For New York audiences, that combination of prestige and accessibility is powerful. A retrospective needs entry points. In the Mood for Love may be the emotional touchstone for many viewers, but The Grandmaster often serves as the bridge film: lush, legible, action-driven, and still unmistakably authored.

What the trailer interest really signals in NYC

When people search for a trailer tied to “NYC’s The Grandmaster: Tony Leung” retrospective, they are usually looking for more than footage. They are looking for orientation. What is this event? Why now? Why this film? The answer is that New York is getting a concentrated, institution-backed look at Tony Leung’s career at a moment when he is also appearing in person and launching a new film in the city.

That makes any trailer, teaser, or promotional clip function as a gateway into a larger reassessment. The retrospective is not built around nostalgia alone. It is built around continuity. Leung’s collaborations with Wong Kar-wai, including Chungking Express, Happy Together, In the Mood for Love, 2046, and The Grandmaster, remain central to how global audiences understand modern Hong Kong cinema. But the New York series reframes those films as parts of one sustained acting career rather than isolated masterpieces.

That is the real hook. Not just The Grandmaster as a movie, but The Grandmaster as evidence. Evidence of how Leung moves through genres, decades, and directorial styles without losing the mystery that makes him so watchable in the first place.

Conclusion

NYC’s “The Grandmaster: Tony Leung” trailer interest makes sense because Film at Lincoln Center has turned a single title into the front door for a much bigger event. With a 13-film retrospective running April 29 to May 7, 2026, an in-person conversation with Tony Leung, and Silent Friend opening on May 8, New York is getting a rare chance to view his career as a whole. In that setting, The Grandmaster stands out not just as a beautiful film, but as one of the clearest statements of what has made Leung indispensable for so long.

Frequently Asked Questions

What is “The Grandmaster: Tony Leung” in NYC?

It is a Film at Lincoln Center retrospective devoted to Tony Leung. The series runs from April 29 through May 7, 2026, and includes 13 films celebrating his career. The program is timed ahead of Silent Friend opening at Film at Lincoln Center on May 8, 2026.

Will Tony Leung appear in person at the retrospective?

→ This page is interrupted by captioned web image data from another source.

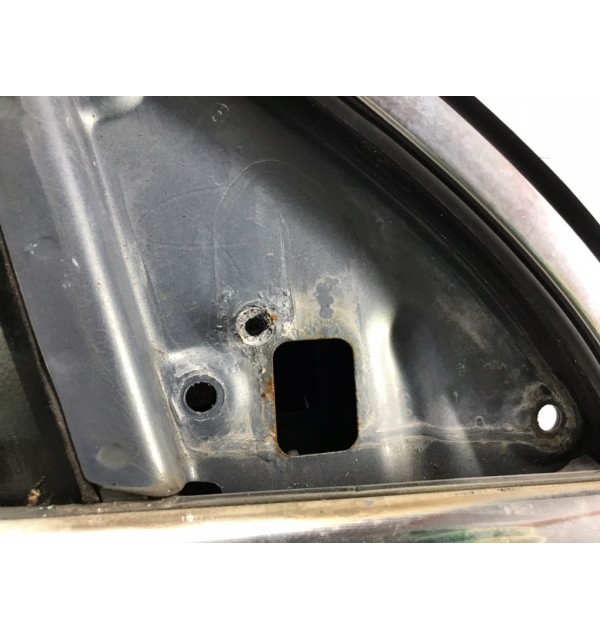 Дверь передняя правая бу для Volkswagen Passat B6 2.0 TDi,  2010 г.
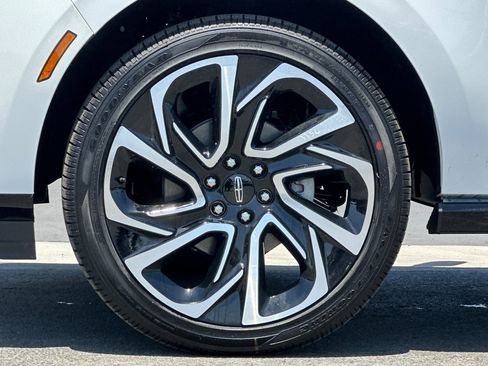 New 2026 Lincoln Navigator Black Label AWD/4WD image 26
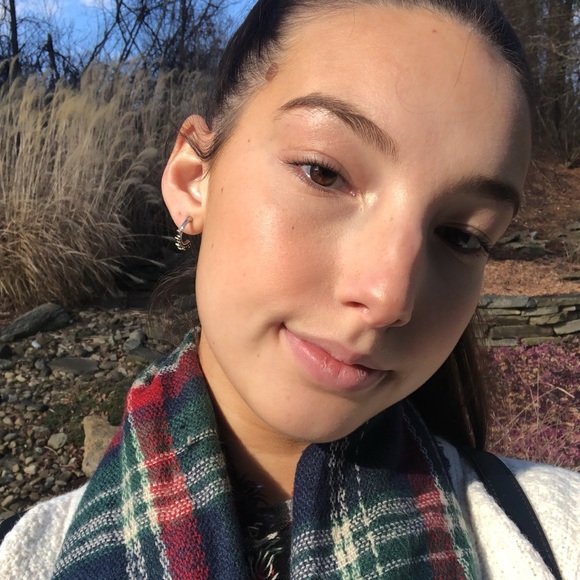 Profile Picture of Camryn Lonchar (@camryn_lonchar) on Poshmark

Yes. Film at Lincoln Center said Tony Leung will join an onstage conversation at the Walter Reade Theater as part of the retrospective. The event is framed as a discussion tracing his screen career across five decades.

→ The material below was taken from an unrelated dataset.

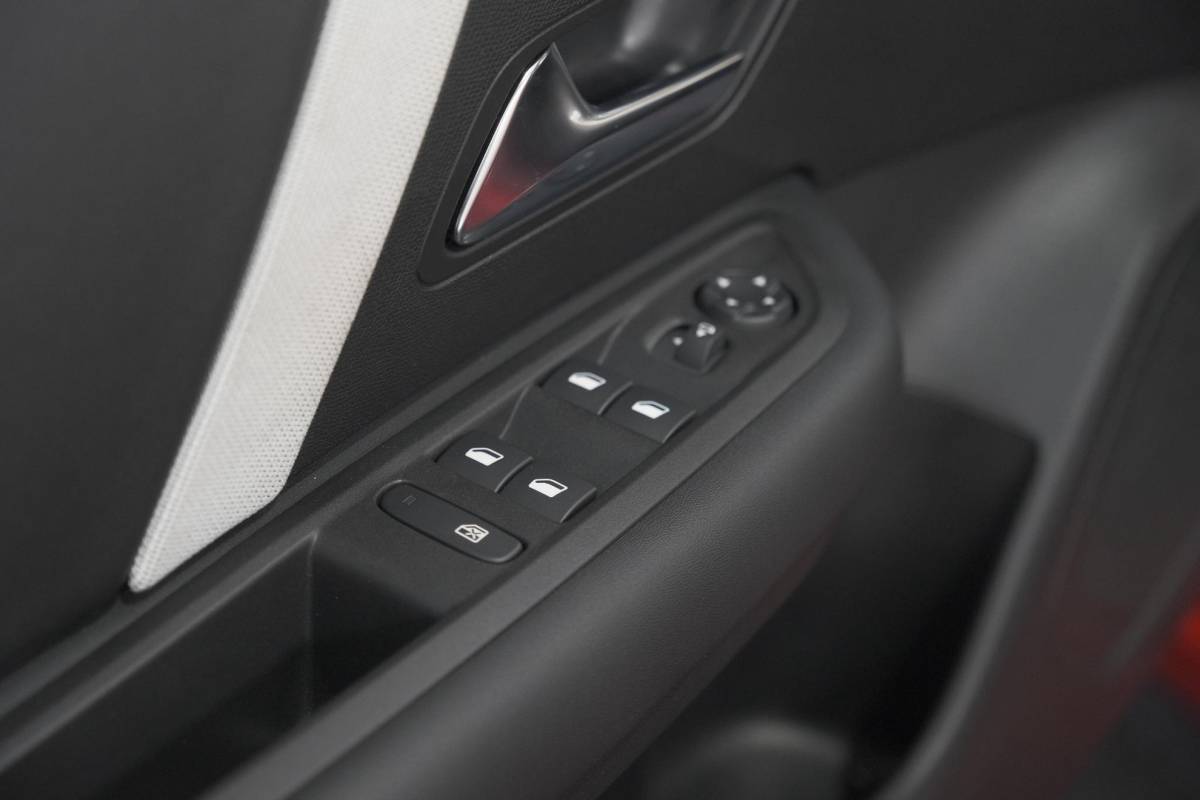 Citroën C4 Citroen C4 1.2 Hybrid 145pk Max | 360 Camera | Adaptieve Cruise Control | Navigatie | Apple Carplay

Why is The Grandmaster such an important Tony Leung film?

The Grandmaster is important because it combines Leung’s star presence, physical discipline, and long collaboration history with Wong Kar-wai. It also became one of Wong’s most commercially successful films and earned major awards recognition, including two Academy Award nominations.

How successful was The Grandmaster when it was released?

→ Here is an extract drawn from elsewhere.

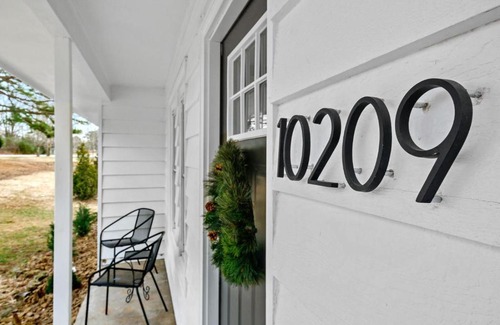 Rogers House | Loblolly Pines - Private Bike Trail IN Backyard! - Sleeps 12!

Reported box office totals place the film at more than 312 million yuan in mainland China, about $6.59 million in North America, and roughly $64.08 million worldwide. It is widely cited as Wong Kar-wai’s highest-grossing film.

What makes this NYC retrospective different from a normal revival screening?

The scale is the difference. This is a 13-film institutional retrospective, not a one-off screening, and it includes Tony Leung appearing in person. That gives New York audiences historical context, event value, and a rare chance to revisit The Grandmaster within the full arc of his career.

Why are people searching for the trailer now?

Interest is rising because the retrospective has a fixed New York run, Leung is scheduled to appear live, and Silent Friend opens immediately after the series. A trailer or promo clip helps audiences connect one famous film, The Grandmaster, to a broader citywide movie event.